EXERCISE PROMPT ▸ Beginning with the line that holds "Leading Supplier of" and ending with the last line below, repeat each line exactly, leaving any pictures out.

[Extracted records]

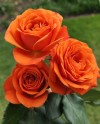 Orange Roses-60cm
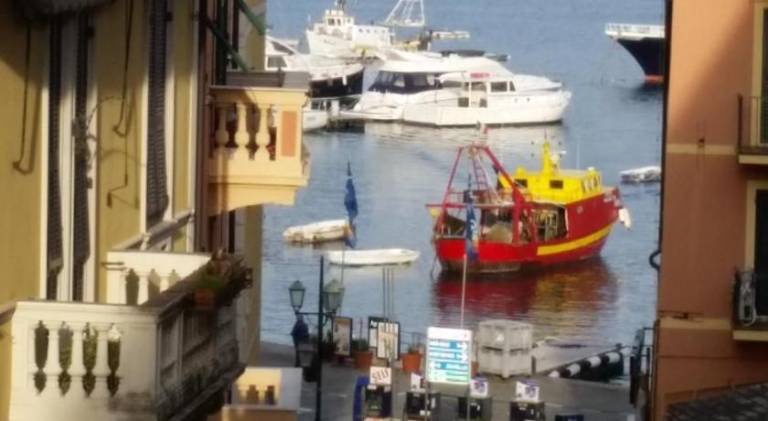Beautiful holiday apartment | Next to the beach | Pets allowed in Camogli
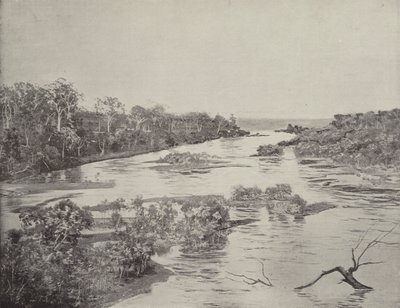 Il fiume Boyne, Queensland da English Photographer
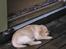 Hos kennel - 24.6.07 - 34 dage gammel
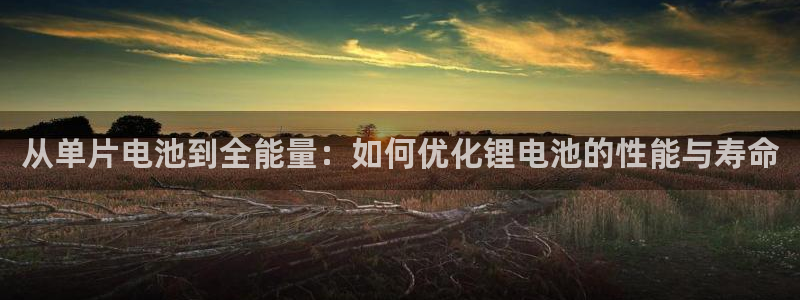 尊龙凯时人生就是搏包装优势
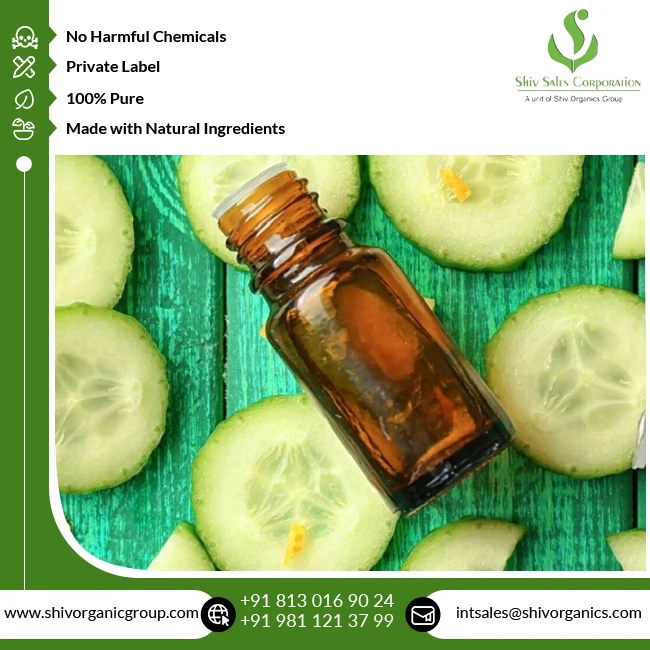 Leading Supplier of Top Quality Hot Selling Cosmetic Grade 100% Pure and Natural Cold Pressed Cucumber Seed Carrier Oil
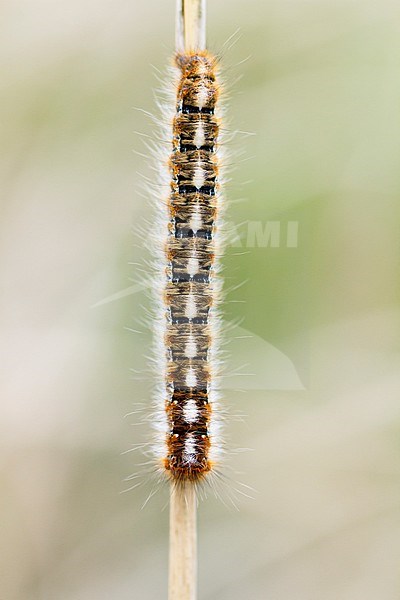 Lasiocampa quercus - Oag eggar - Eichenspinner, Switzerland (Tessin), larvae stock-image by Agami/Ralph Martin,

TASK RESULT ▸
 Leading Supplier of Top Quality Hot Selling Cosmetic Grade 100% Pure and Natural Cold Pressed Cucumber Seed Carrier Oil
 Lasiocampa quercus - Oag eggar - Eichenspinner, Switzerland (Tessin), larvae stock-image by Agami/Ralph Martin,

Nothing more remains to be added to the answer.